Note that this figure also includes the 3 months needed to write the damn thesis itself! This means that technically my thesis is reflective of only 3 months of successful experiments: or as I like to think of it -- four and a half years of failed experiments!
This, of course, is how the scientific method works. It's slow, very slow. Most of the time, your marvelous ideas and experiments don't work out, and even if they do, there's almost always someone smarter than you telling you what's wrong with it. Even though it may not seem like it (especially when you read the headlines in newspapers and watch the stories on televisions), the reality is that scientists go about their discoveries in very very gradual increments.

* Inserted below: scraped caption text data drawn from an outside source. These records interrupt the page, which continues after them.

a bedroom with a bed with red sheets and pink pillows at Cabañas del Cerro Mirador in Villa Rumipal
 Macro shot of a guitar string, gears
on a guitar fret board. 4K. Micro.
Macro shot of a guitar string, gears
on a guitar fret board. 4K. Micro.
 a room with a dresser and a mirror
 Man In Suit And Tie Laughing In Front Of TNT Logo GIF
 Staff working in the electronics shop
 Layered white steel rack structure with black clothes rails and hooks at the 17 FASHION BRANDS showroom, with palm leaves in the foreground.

Those doing the science know this already, but sometimes, I get the impression that this reality is lost to other folks. I'm assuming others in research have experienced this, but a classic example, are the many bright high school students coming to a lab, outlining a brilliant science fair project, and then telling you that they only have 6 weeks to do it, and oh-by-the-way "I can only come in after school on mondays, wednesdays, and thursdays!" Of course, this is when you tell them, that the experiments they're suggesting might actually take the better part of a decade, and probably a few dollars here and there.
Anyway, I'm also curious to see what other numbers people will come up with and especially in other fields, science or otherwise. So ask yourself: How long would your Ph.D. have taken if everything worked?